Just ahead of US President Barack Obama's historic visit to Vietnam on Sunday, the communist nation released from prison a prominent Catholic dissident.

Rev. Nguyen Van Ly was lean but in good spirits, the Catholic Archdiocese of Hue said on Saturday, a day after his release. Ly has suffered from health issues.

The priest was released three months before his eight-year sentence was due to be up - a symbolic move ahead of Obama's state visit in which the president has been called on to address human rights.

Ly has been in and out of prison for decades for advocating political and religious freedoms in the communist nation, where dissent is often met with harassment and arrest.

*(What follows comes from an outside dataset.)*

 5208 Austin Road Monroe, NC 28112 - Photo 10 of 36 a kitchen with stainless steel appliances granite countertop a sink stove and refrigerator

The United States and Vietnam have developed a budding relationship in recent years, a historic development between two countries that once fought a bitter war.

A resurgent China and disputes over the South China Sea have brought the United States and Vietnam closer together, as have the prospects of expanding trade and investment.

Obama's visit is a part of his administration's so-called "pivot to Asia," a reshuffling of US military, political and economic resources towards the Asia Pacific.

Vietnam, for its part, hopes the United States will lift an arms embargo. Human rights groups and members of the US Congress opposed to lifting the arms embargo point to Vietnam's dire human rights record.

Obama will spend three days in Vietnam before heading to Japan for a G-7 summit.